On pourrait contester l'opportunité d'instaurer un avantage fiscal en faveur des ménages ayant emprunté pour se loger – cela risque de relancer la hausse des prix de l'immobilier qui, fort heureusement, est en train de se calmer ; mais il s'agit d'un engagement pris par celui qui a été élu président de la République, et les engagements doivent être tenus.
On pourrait également discuter à propos de la limitation éventuelle de cet avantage aux ménages ayant effectué leur acquisition depuis une certaine date ; mais le chef de l'État vient de trancher : les emprunts anciens donneront droit à un avantage fiscal tout comme les nouveaux.
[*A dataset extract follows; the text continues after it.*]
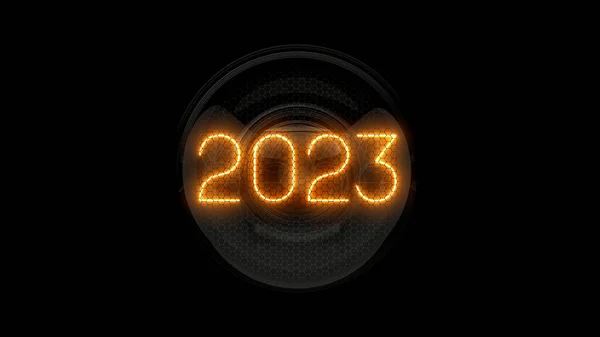 2023年 二千二十三 Nixie管指示器气体排放指示灯 3D渲染 — 图库照片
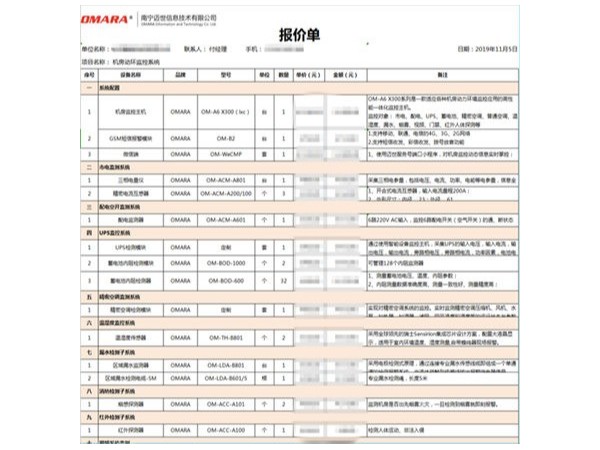 標準的機房動環(huán)監(jiān)控系統(tǒng)報價清單配置表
Intéressons-nous donc à ce qui reste à décider : la forme à donner à cet avantage fiscal. Déduira-t-on les intérêts du revenu imposable, accordera-t-on une réduction d'impôt, ou attribuera-t-on un crédit d'impôt ? Le choix entre ces trois formules, sous des apparences techniques, est en réalité une question de philosophie politique ; il indiquera dans quelle direction entend aller le nouveau pouvoir.
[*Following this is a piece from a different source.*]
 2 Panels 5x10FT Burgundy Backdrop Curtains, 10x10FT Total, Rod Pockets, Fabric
Déduire les intérêts du revenu imposable ne présente un avantage que pour les ménages qui sont imposables sur leur revenu, c'est-à-dire une petite moitié des ménages français. Cela revient à refuser le bénéfice de la mesure aux titulaires de faibles revenus (par exemple une personne seule percevant le SMIC) et aux familles, notamment les familles nombreuses où seul l'un des conjoints travaille, dès lors que celui-ci n'est pas au sommet de l'échelle des revenus professionnels. En outre, pour un foyer fiscal imposé au taux marginal de 40 %, la mesure serait 7 fois plus avantageuse que pour son homologue atteignant seulement la tranche à 5,5 %. Elle établirait dès lors une discrimination à l'encontre des personnes les moins bien payées et des couples les plus féconds.
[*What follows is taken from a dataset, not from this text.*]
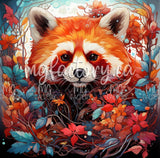 Toile Diamond Painting - Panda roux et ses fleurs 70x70cm - MG Factory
La réduction d'impôt ne s'applique, par définition, qu'aux contribuables redevables de l'impôt sur le revenu. Pour ceux qui sont faiblement imposables, elle joue de façon partielle : si les époux Martin ont une cotisation d'impôt de 300 €, une réduction d'impôt se montant théoriquement à 1200 € ne leur rapporte en fait que 300 € ; ils se trouvent désavantagés à hauteur de 900 € par rapport aux époux Durand qui ont contracté un emprunt identique mais gagnent davantage ou ont moins d'enfants, si bien que leur contribution d'impôt atteint 2 000 € : la mesure rapporte 1 200 € aux Durand contre 300 aux Martin.
Le crédit d'impôt est en définitive la seule technique socialement et familialement équitable. Si ce crédit d'impôt est par exemple égal au quart des intérêts versés, quels que soient les revenus et la composition du ménage il diminue du quart l'amputation de son budget par les frais financiers. Ce n'est certes pas la seule façon d'obtenir ce résultat : une bonification d'intérêt (prise en charge par l'État d'une fraction des intérêts dus à la banque) reviendrait au même.
La bonification d'intérêt serait plus visible dans les comptes de l'État, et donc plus en harmonie avec l'esprit de la LOLF, la loi d'orientation des lois de finance. Mais, dès lors que, en dépit de déclarations de principe sur la nécessité de diminuer le nombre des niches fiscales , le Président et le gouvernement ont décidé d'emprunter la voie fiscale, c'est clairement au crédit d'impôt qu'ils doivent avoir recours s'ils entendent ne pas rendre moins égaux face au subventionnement des achats de résidences principales les foyers les plus modestes et ceux qui comprennent le plus grand nombre d'enfants.
*Jacques Bichot est économiste, professeur à l'Université Jean-Moulin (Lyon III).